Aim of the exercise. Print, in exact form, the lines below from the one containing "Handmade blue nurse" through the one containing "grilled 30 day", and omit all others.

Extracted information.
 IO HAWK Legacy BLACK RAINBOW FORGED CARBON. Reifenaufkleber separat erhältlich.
* * *
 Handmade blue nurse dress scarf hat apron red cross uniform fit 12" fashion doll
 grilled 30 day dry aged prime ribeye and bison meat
---
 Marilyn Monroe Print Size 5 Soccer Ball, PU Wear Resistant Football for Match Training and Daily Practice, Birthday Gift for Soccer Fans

Worked solution.
 Handmade blue nurse dress scarf hat apron red cross uniform fit 12" fashion doll
 grilled 30 day dry aged prime ribeye and bison meat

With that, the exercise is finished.